In her photographs, Neshat seizes upon the powerfully gendered coding of the body in Persian culture to unsettling but also lyrically arresting effect. Video works such as Turbulent (1998), which won the International Prize at the 1999 Venice Biennale, and Rapture (1999) broaden her up-close look at the gendered spatiality of the body to encompass gendered divisions in architectural and urban space as well. Thus, for example, employing a dual-screen installation, Turbulent parries a performance by a male performer singing a song before an all-male audience against the passionate, abstract vocalizations of experimental musician Sussan Deyhim, performing in a dark, audience-less auditorium.
Neshat uses an analogous pairing technique in Rapture, where a group of white-shirted men move about a fortress while on a facing screen a group of black-robed women push a boat down the beach to the water.
The male and female singers in Turbulent and the groups of men and women in Rapture alternate between activity and static waiting, thus seeming to observe, listen to, and tacitly react to one another, though they are actually in discontinuous, physical separated spaces.

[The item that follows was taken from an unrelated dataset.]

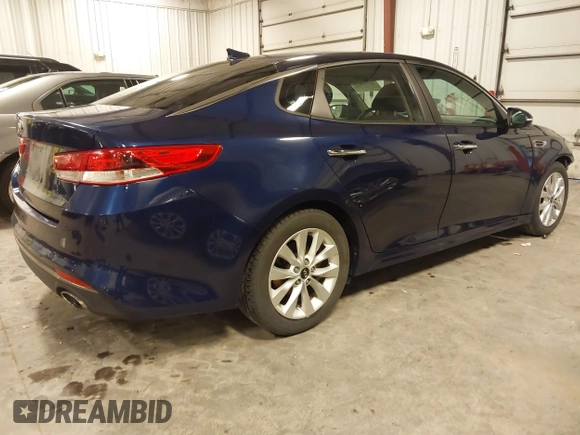 2016 Kia Optima LX with VIN 5XXGT4L34GG002569, listed as a IAAI auction lot 41732810 with 148,044 mi miles. Bid and sale history available at carsss.com. Image 4.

Possessed (2001), however, illustrates the explosive social forces unleashed when such separations are transgressed. A woman with her hair loose and uncovered by a chador, wanders through the streets and into a public square. Her emotions become more and more frenzied, until she lets out a scream.
Her madness agitates the crowd in the square, who begin to threaten the woman and each other, as they take sides about whether to attack the madwoman or let her be. Neshat’s film ends uncertainly, with the woman still in a trance, unaware of the violence she has unleashed not so much by what she has said or done, but by who she has become: a woman out of place in gendered space.